Satisfiability is the problem of determining if the variables of a given Boolean formula can be assigned in such a way as to make the formula evaluate to TRUE. Equally important is to determine whether no such assignments exist, which would imply that the function expressed by the formula is identically FALSE for all possible variable assignments. In this latter case, we would say that the function is unsatisfiable; otherwise it is satisfiable.

In complexity theory, the Boolean satisfiability problem (SAT) is a decision problem, whose instance is a Boolean expression written in conjunctive normal form (CNF). The question is: given the expression, is there some assignment of TRUE and FALSE values to the variables that will make the entire expression true?

SAT was the first known NP-complete problem, as proved by Stephen Cook in 1971 (see Cook's theorem for the proof). Until that time, the concept of an NP-complete problem did not even exist. The problem remains NP-complete even if all expressions are written in conjunctive normal form with 3 variables per clause (3-CNF), yielding the 3SAT problem. This means the expression has the form:
    (x11 OR x12 OR x13) AND
    (x21 OR x22 OR x23) AND
    (x31 OR x32 OR x33) AND ...
where each x is a variable or a negation of a variable, and each variable can appear multiple times in the expression.

Since k-SAT (the general case) reduces to 3-SAT, and 3-SAT can be proven to be NP-complete, it can be used to prove that other problems are also NP-complete. This is done by showing how a solution to another problem could be used to solve 3-SAT.

(source: Wikipedia)

The idea of Brejova et al. to solve the SAT problem, is to split it into two distinct subproblems. A fundamental assumption for solving SAT is that the variables in the clauses are always the same, i.e. variable x1 in clause 1 has the same truth assignment as variable x1 in clause 2. Brejova et al. sacrifice this assumption for a simpler algorithm. In this way the first subproblem is to find truth assignments that satisfies the given formula where the variables for each clause are completely independent. Given a formula with n variables and m clauses one now has not only to check 2^n possible truth assignments but 2^(n*m). This subproblem is solved by the SAT algebra within the ADP program. The second subproblem becomes necessary to assure that only such answers, found in subproblem one, are valid that first satisfy the formula and second have equal truth assignments for each variable in all clauses. The second aspect is the tasks of the EQA algebra.
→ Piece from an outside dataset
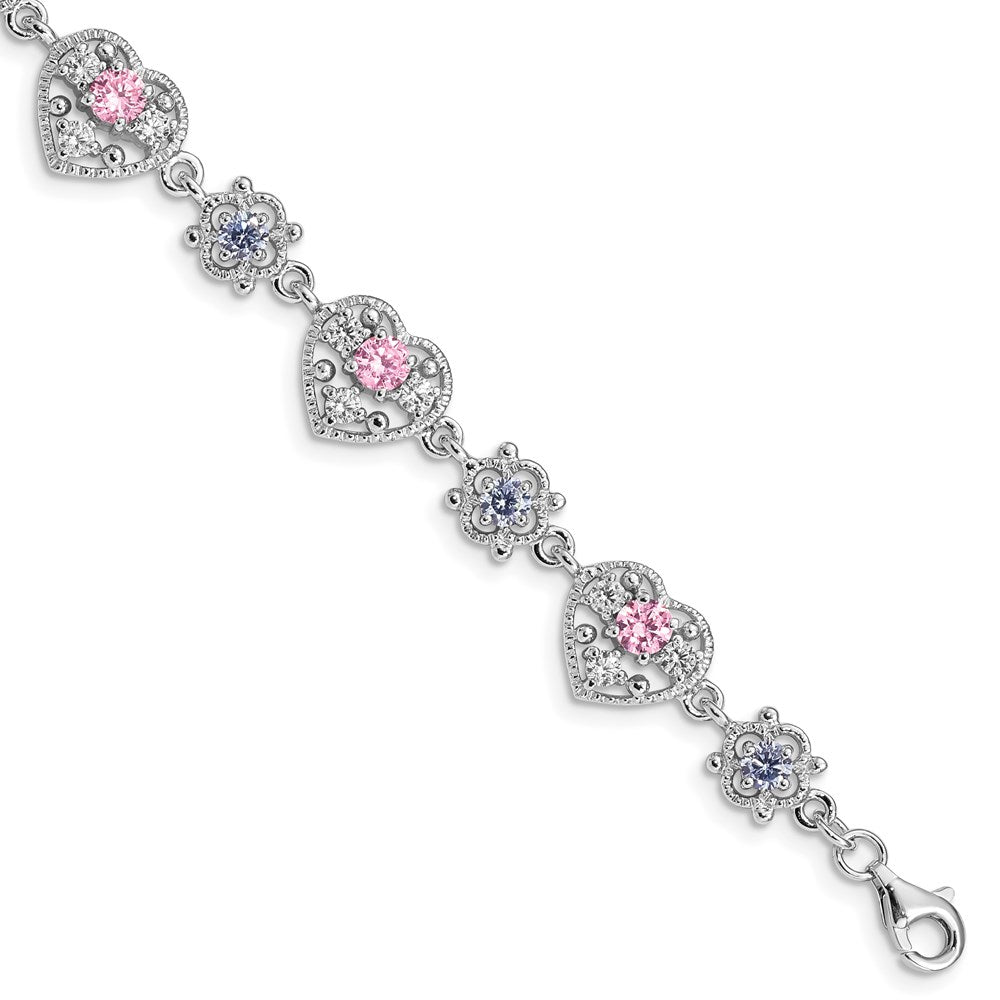 Sterling Silver Rhod-plated 7inch Pink and Clear CZ Heart Bracelet 7 inches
A given formula with three variables and two clauses in CNF could be: (x1 OR x2) AND (NOT(x2) OR x3). For the classical way exist 2^3 = 8 different truth assignments that maybe satisfy the formula. In Brejovas variant there are 2^(2*3) = 64 truth assignments that have to be checked. The SAT algebra would find 36 satisfying answers, but many of these have contradicting assignments for e.g. x2. The EQA algebra filters all 8 answers out of the overall 64 answers, where x1, x2 and x3 have the same value for each clause. That are exactly those 8 possible truth assignments from the classical way. The combination of both algebras can solve the SAT problem: (sat *** eqa).

To calculate the example formula with ADP one has to encode it to a machine readable code. A "formula" consists of one or more "clauses", that must be separated by a '&' character. One clause is composed of one ore more "literals" in direct concatenation. A literal could either be positive 'P', negative 'N' or missing '-'. The first clause from the example has two positive literals followed by a missing one. So its representation is "PP-". The second clause is "-NP" and the complete encoded formula is "PP-&-NP".